Please reproduce, exactly and with nothing added, the line containing "Unpainted Wood Carving" and every line after it to the end of the records.
--- Supplied data Enclosed Below ---
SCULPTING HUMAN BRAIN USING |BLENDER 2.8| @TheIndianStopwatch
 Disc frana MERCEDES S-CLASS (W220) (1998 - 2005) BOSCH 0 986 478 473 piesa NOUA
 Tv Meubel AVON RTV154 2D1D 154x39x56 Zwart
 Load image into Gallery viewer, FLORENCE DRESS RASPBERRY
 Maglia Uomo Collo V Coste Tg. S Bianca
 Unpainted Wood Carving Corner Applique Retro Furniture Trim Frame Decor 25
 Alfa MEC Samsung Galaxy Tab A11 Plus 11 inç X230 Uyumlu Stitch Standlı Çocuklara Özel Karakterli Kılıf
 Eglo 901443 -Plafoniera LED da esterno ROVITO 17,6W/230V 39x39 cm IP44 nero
--- End of Enclosed Supplied data ---
**The completed task:**
 Unpainted Wood Carving Corner Applique Retro Furniture Trim Frame Decor 25
 Alfa MEC Samsung Galaxy Tab A11 Plus 11 inç X230 Uyumlu Stitch Standlı Çocuklara Özel Karakterli Kılıf
 Eglo 901443 -Plafoniera LED da esterno ROVITO 17,6W/230V 39x39 cm IP44 nero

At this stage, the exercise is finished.